→ **DATA SUPPLIED**:
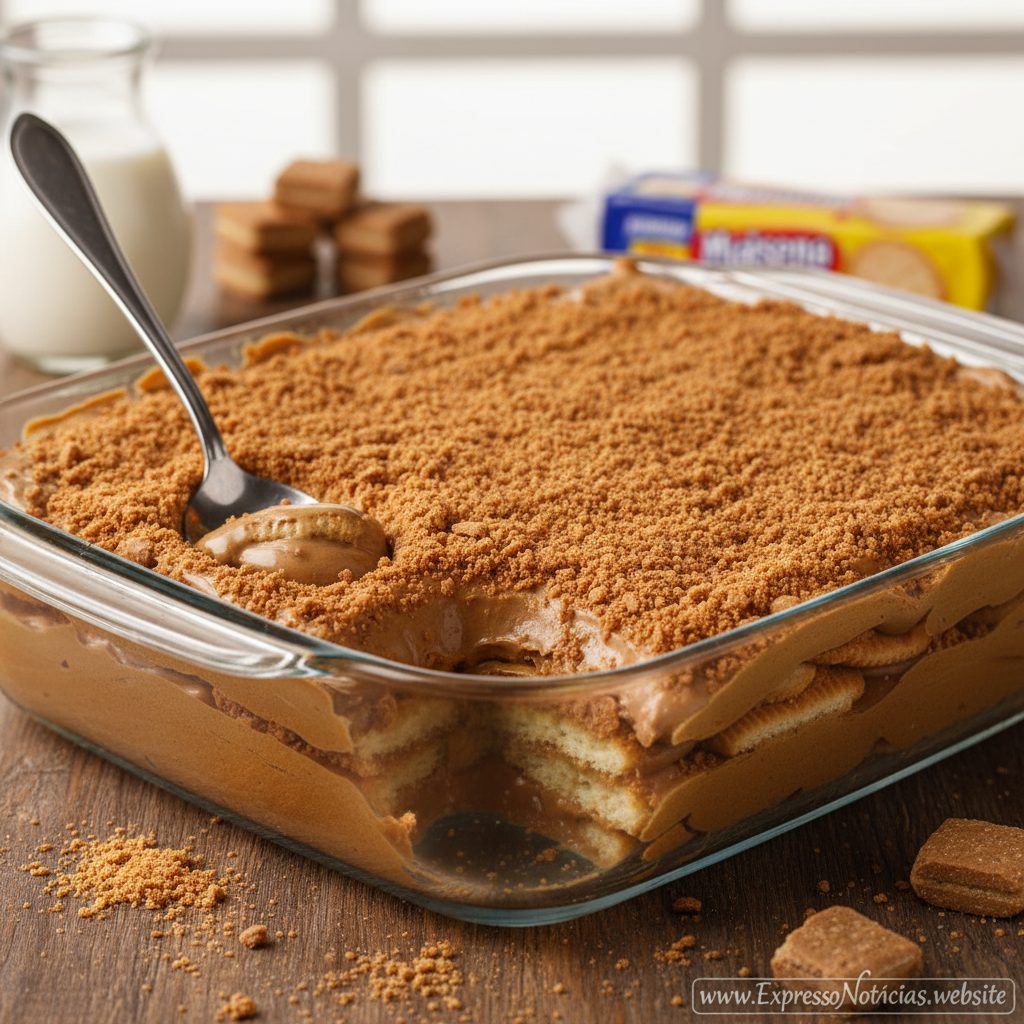 Pavê de Paçoca Cremoso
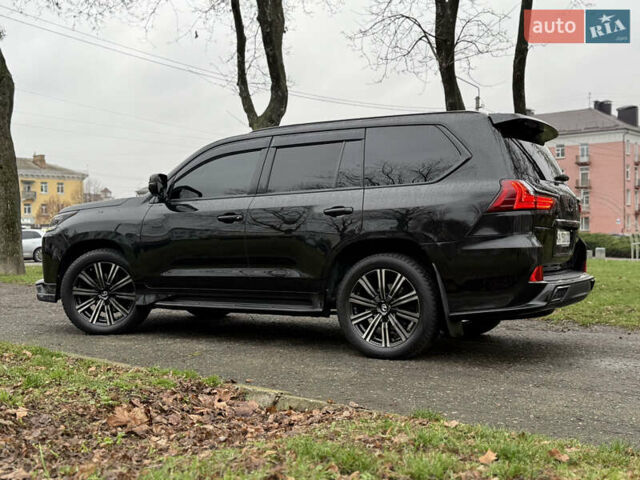 Чорний Лексус ЛХ, об'ємом двигуна 5.7 л та пробігом 161 тис. км за 67000 $, фото 9 на Automoto.ua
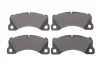 Колодки гальмівні (передні) Porsche Cayenne 02-/Macan 14-/Panamera 10-16/VW Touareg 02- (Brembo) MEYLE 0252500717 (фото 1)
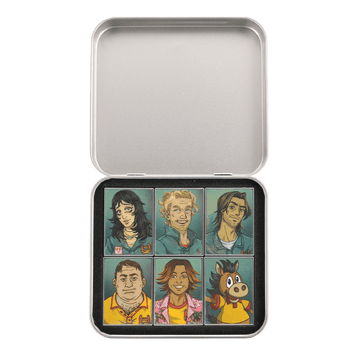 After The Crash Lenticular Magnet Set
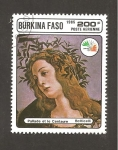 Stamps Burkina Faso -  CAMBIADO DM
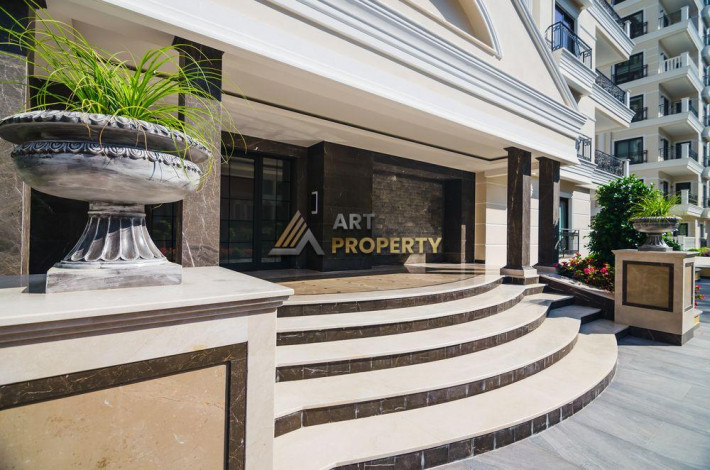 Квартиры 1+1 и 2+1 в лучшем комплексе Алании! 68-271 м2 - Ракурс 99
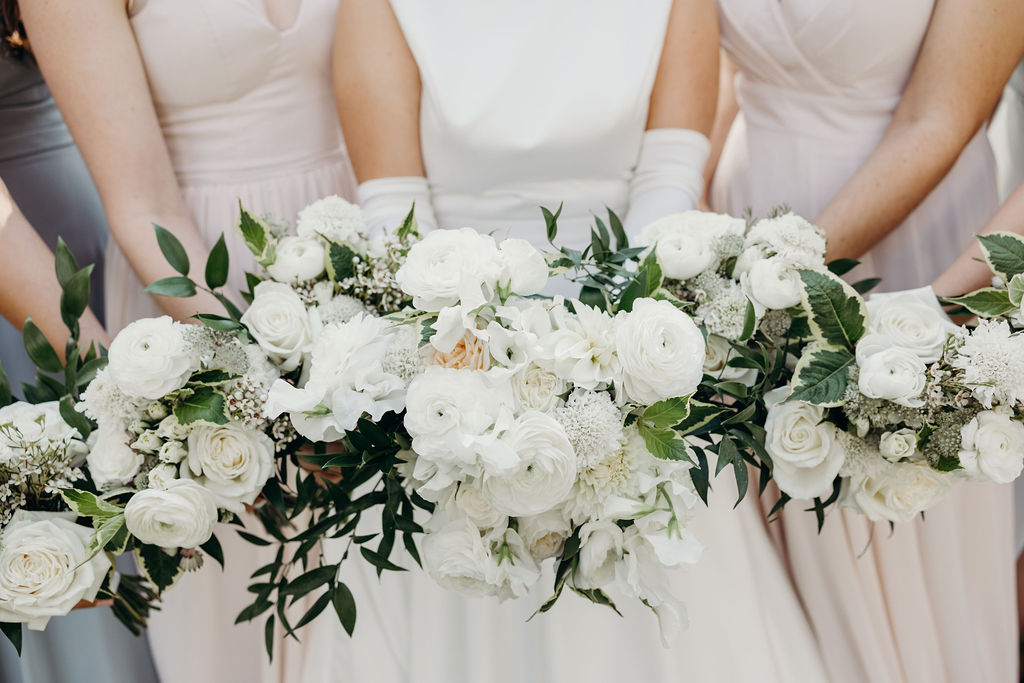 Full service wedding floral design bouquets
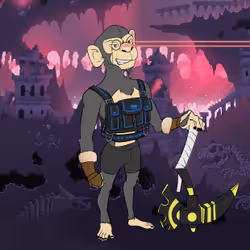 Mining Ape #1315
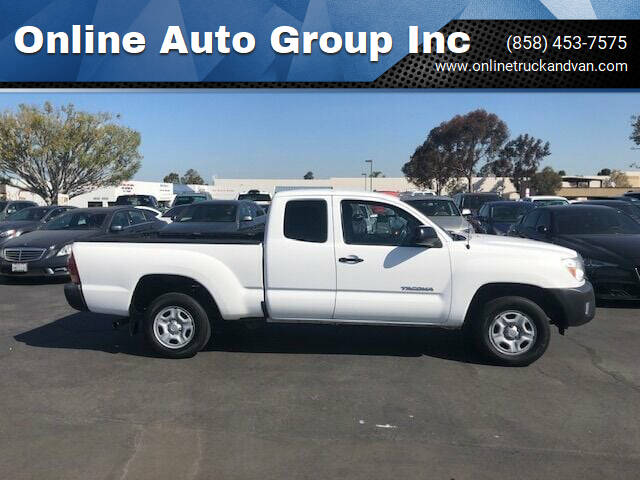 2015 Toyota Tacoma for sale at Online Auto Group Inc in San Diego CA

→ **THE TASK**: What is needed is a word-for-word restatement of the entries, minus any pictures.

→ **PROBLEM SOLUTION**:
 Pavê de Paçoca Cremoso
 Чорний Лексус ЛХ, об'ємом двигуна 5.7 л та пробігом 161 тис. км за 67000 $, фото 9 на Automoto.ua
 Колодки гальмівні (передні) Porsche Cayenne 02-/Macan 14-/Panamera 10-16/VW Touareg 02- (Brembo) MEYLE 0252500717 (фото 1)
 After The Crash Lenticular Magnet Set
 Stamps Burkina Faso -  CAMBIADO DM
 Квартиры 1+1 и 2+1 в лучшем комплексе Алании! 68-271 м2 - Ракурс 99
 Full service wedding floral design bouquets
 Mining Ape #1315
 2015 Toyota Tacoma for sale at Online Auto Group Inc in San Diego CA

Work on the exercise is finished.